The French connection: Nantes
In Europe the connection between the Stuarts and Irish slave-traders was not lost with the throne. The defeated James II was conveyed from Ireland to France by Philip Walsh, a Dublin-born merchant, settled in St Malo, who would die on an African voyage. In 1745 Philip Walsh’s son, Antoine, provided Prince Charles Edward Stuart with an armed frigate, on which they sailed together for Scotland in a bid to restore the Jacobite line. Antoine Walsh could afford this political gesture because of the wealth he had made from the slave trade. Nantes (with its close-knit Irish community) had emerged as the kingdom’s chief slaving port, a starting-point for the triangular trade—manufactures for Africa (textiles, brandy and firearms), slaves for the French West Indian colonies (Martinique, Guadeloupe and St Domingue), sugar and tobacco for Europe.
Captains and crew did the voyaging; merchants (ship-owners and outfitters/armateurs) stayed at home, funding and organising. Prolonged loading in Africa was the most hazardous part of the operation. The climate was unhealthy and the slaves, still within sight of the shore, were at their most furiously desperate. Fear of revolt, which could be mitigated for the armateur by insurance cover, was rife among captains and crew.
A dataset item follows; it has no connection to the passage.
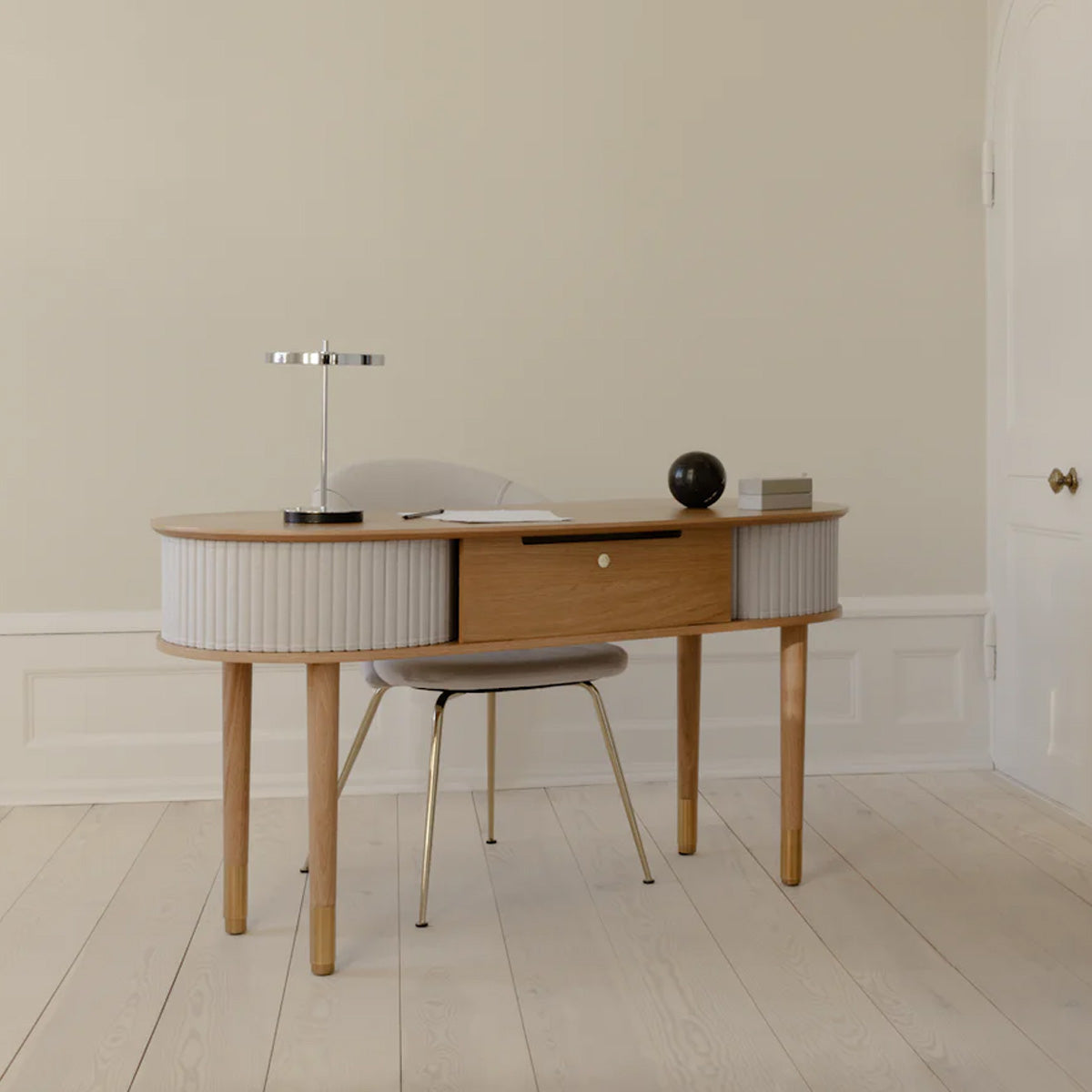 Umage Audacious Desk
By the early 1730s Antoine Walsh had shifted from slave-ship captain to slave-merchant. He never actually experienced revolt himself but his relatives and employees did. In 1734 L’Aventurier, outfitted by Walsh’s father-in-law Luc Shiell (O’Shiel), spent almost four months on the African coast, moving from port to port in search of slaves. At Whydah the captain went ashore to trade, leaving Barnaby Shiell, Antoine Walsh’s young brother-in-law, in command of a crew largely immobilised by fever and dysentery. The slaves rose, cut the ailing pilot’s throat and locked other invalid whites below hatches. At this point Barnaby Shiell, with five armed sailors, fired on the Africans. In the ensuing slaughter two crew and 40 slaves were killed. The result in commercial terms was the destruction of one-sixth of the cargo. Undeterred by this set-back, Captain J. Shaughnessy determinedly pursued his professional objectives, remaining at Whydah until he was finally able to sail with 480 Africans for St Domingue and Martinique. In the future both Shaughnessy and Barnaby Shiell would act as captains for Antoine Walsh.
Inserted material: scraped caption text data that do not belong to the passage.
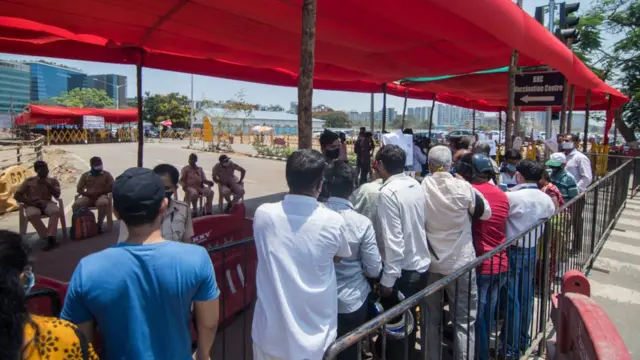 মহারাষ্ট্রে একটি টিকাকরণ কেন্দ্রের সামনে লম্বা লাইন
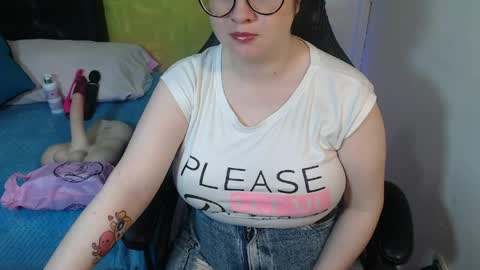 kryystaladams online show from April 20, 11:57 am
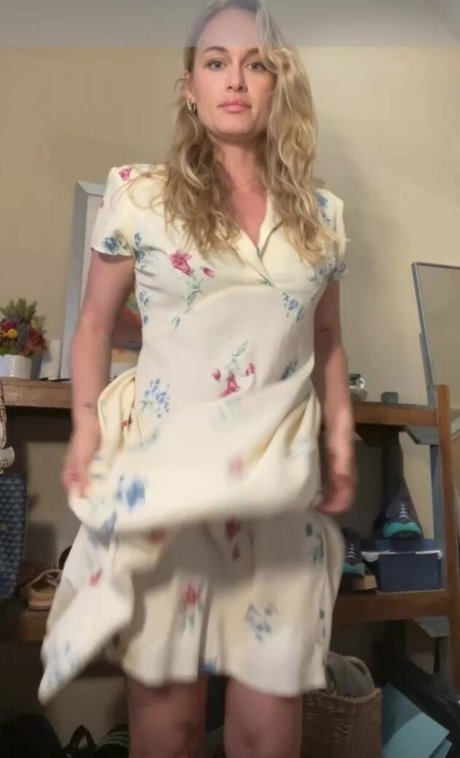 Leven Rambin model beautiful archive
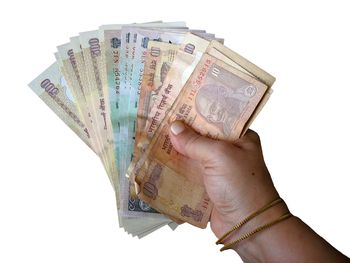 Renuncio porque me pagan mucho, dijo un trabajador de la India
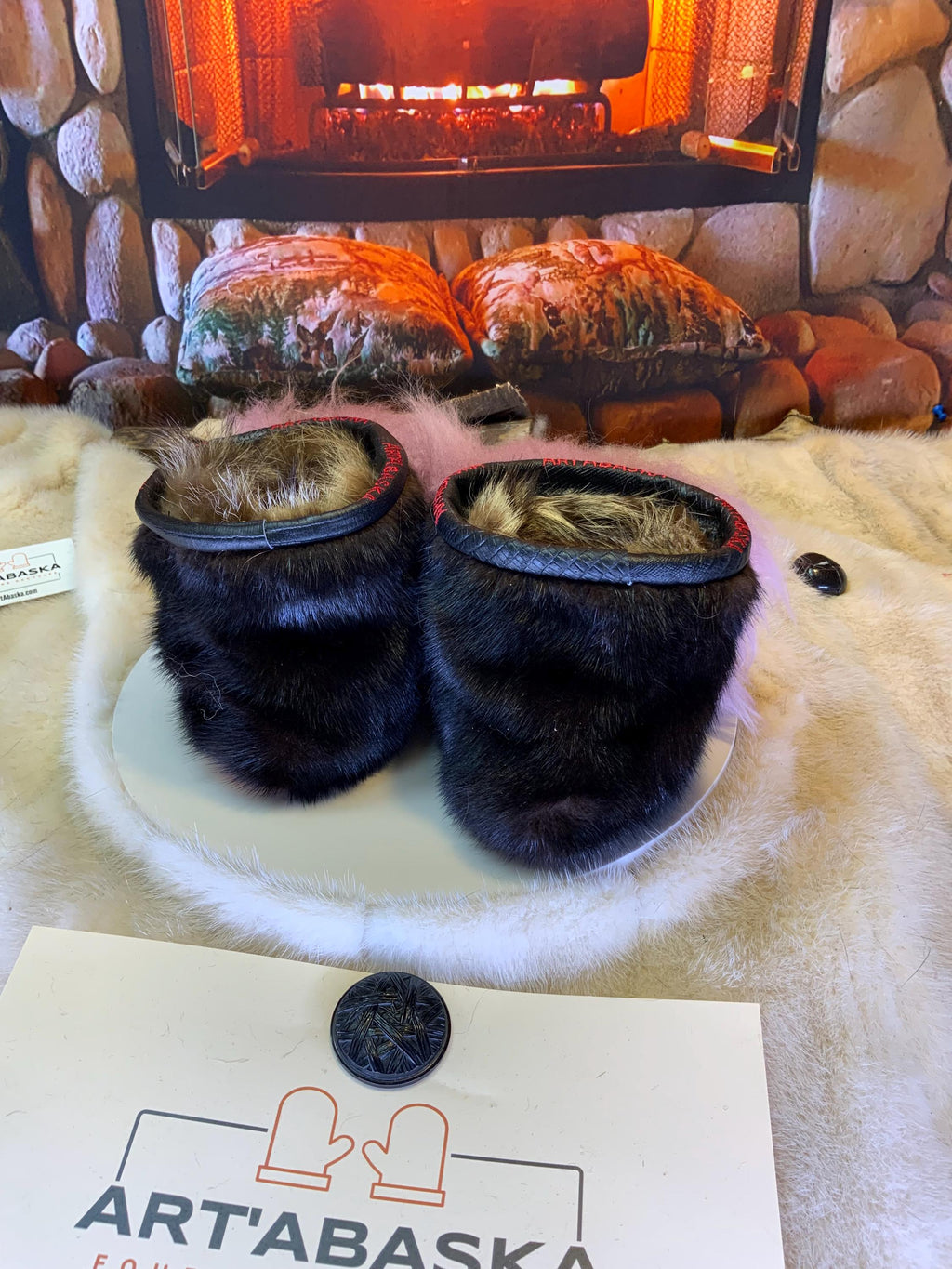 Mocassins d’intérieur Giselle – 6 femme – cuir brun chocolat brodé mandala rouge, rose et blanc, semelle rouge vif ArtAbaska, pièce unique ✨🤎🌸❤️
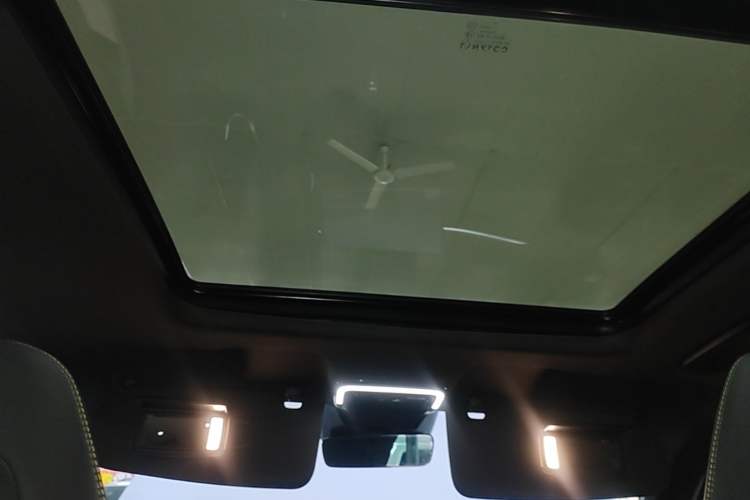 Used Lynk & Co 01 2025 2.0TD Two-Wheel Drive Refreshed Pro Version Headliner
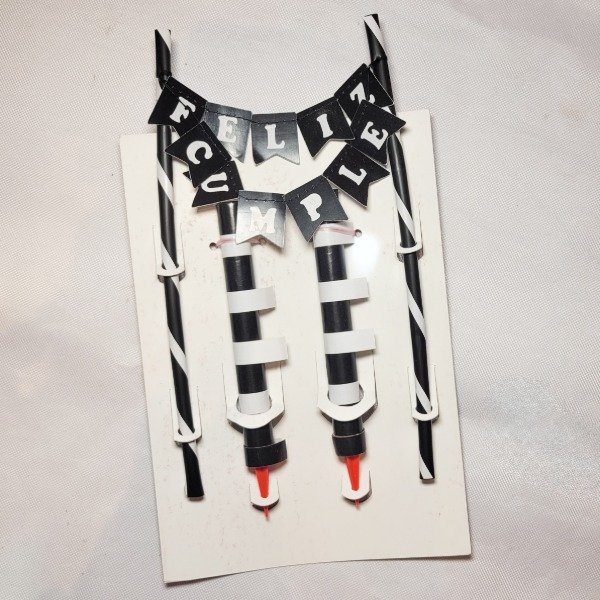 Producto - Set banderines FELIZ CUMPLE + bengalas color negro letra blanca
After the Jacobite defeat, Walsh turned back to slaving, and immediately one of his ships became the scene of a slave revolt. His ironically named Prince d’Orange reached Whydah and took four and a half months assembling 245 Africans. As the ship got ready to sail, six women, one with a child at the breast, threw themselves overboard and drowned. A month later, off the island of San Thome, the remaining slaves rose and killed the captain and two sailors. The crew threatened to resort to firearms but the Africans took no notice and the result was 36 dead.
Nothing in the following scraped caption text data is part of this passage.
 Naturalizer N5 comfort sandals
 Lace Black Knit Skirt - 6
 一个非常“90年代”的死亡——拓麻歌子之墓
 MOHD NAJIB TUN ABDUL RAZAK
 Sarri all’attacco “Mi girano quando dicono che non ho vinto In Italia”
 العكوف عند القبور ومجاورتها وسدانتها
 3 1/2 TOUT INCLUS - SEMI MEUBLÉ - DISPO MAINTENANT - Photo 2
By the eighteenth century Africans were accustomed to guns. The desire to possess them was one of the factors fuelling the trade and bringing about political change as states grew stronger or weaker according to their access to firepower. But those Africans delivered to the ships as slaves were devoid of weapons. In 50 years, the only record of a successful slave revolt on an Irish Nantais vessel occurred in 1742, when the 350 slaves on Patrice Archer’s La Sainte Helène managed to get hold of guns from above deck, set the ship on fire and escape to shore, where the local ruler proved uncooperative in securing their return.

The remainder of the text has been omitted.